Les troupes américaines ont atterri au palais présidentiel et se déploient dans votre capitale. C’est une invasion amicale ?
Ce sont des soldats du génie, des ingénieurs, des médecins et ceux qui peuvent assurer la protection des transports et des travaux. Nous travaillons en coordination avec eux et en coordination avec la mission des Nations unies [la Minustah, ndlr]. Les Américains ne font pas partie de cette mission. Mme Clinton est venue cette semaine et m'a demandé si j'étais d'accord pour que les militaires américains des corps de spécialité que je vous ai indiqués puissent venir aider. Je lui ai dit oui. C'est dans ce cadre que cela s'est fait. On a commencé avec 3 500 soldats et cela va augmenter éventuellement, selon les besoins. Nous n'avons aucune douleur ni blocage idéologique pour recevoir l'aide des Vénézuéliens, des Cubains ou des Français.

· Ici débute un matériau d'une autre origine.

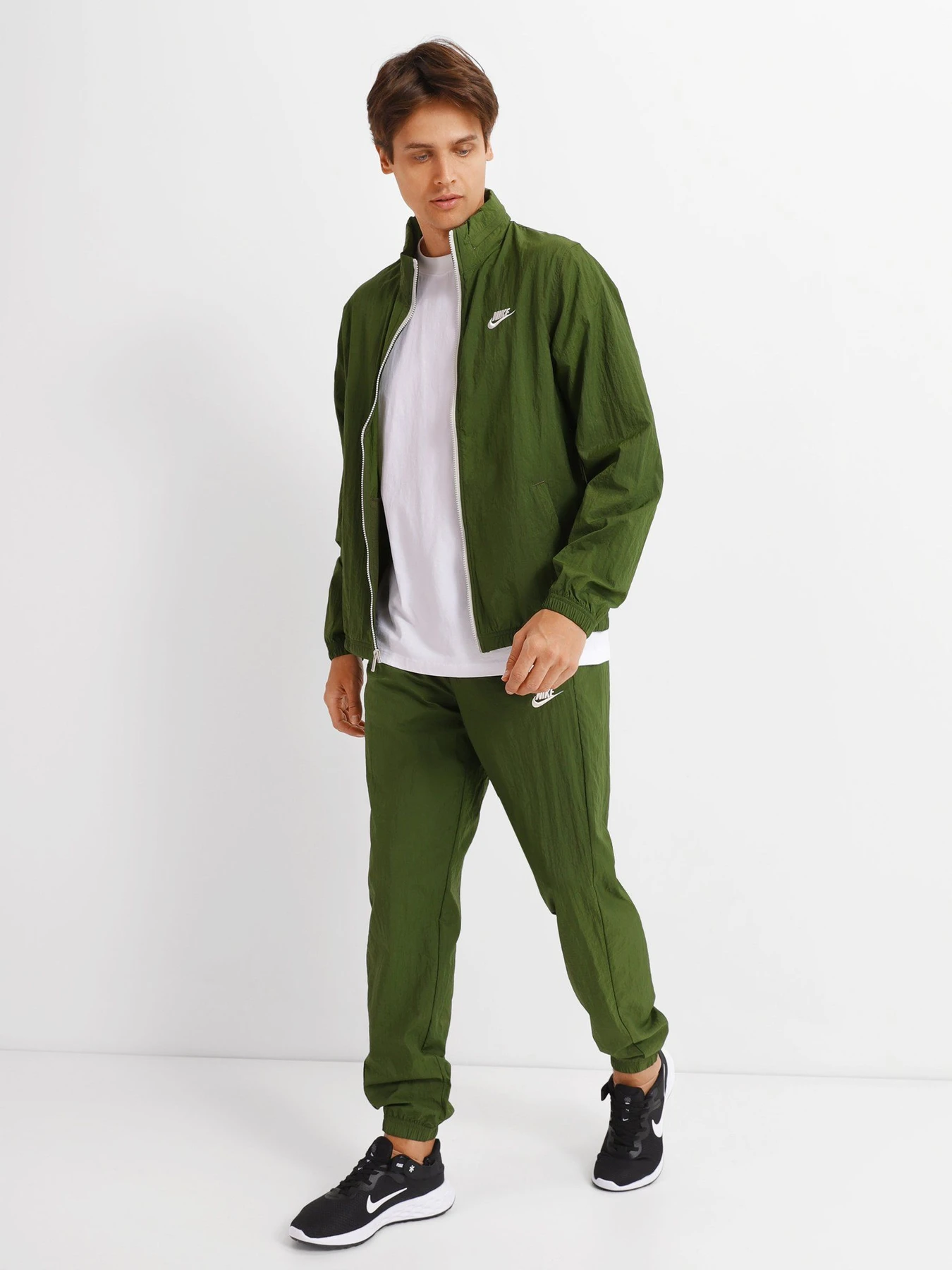 Костюмы NIKE Sportswear Sport Essentials модель DM6848-326 Костюмы NIKE Sportswear Sport Essentials модель DM6848-326 Фото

Nombre d’observateurs disent que votre cabinet est incapable de faire face à cette crise…
Ce sont des ignorants. Ce qui est arrivé en une minute ici est l’équivalent d’un pays en guerre qui aurait subi des bombardements pendant plusieurs jours. C’est vrai : l’Etat n’était pas fonctionnel. Mais nous avons rétabli plus ou moins le téléphone, les routes sont nettoyées et plus de 70 000 cadavres ont été enlevés. Au fur et à mesure, avec l’aide internationale, les choses s’améliorent.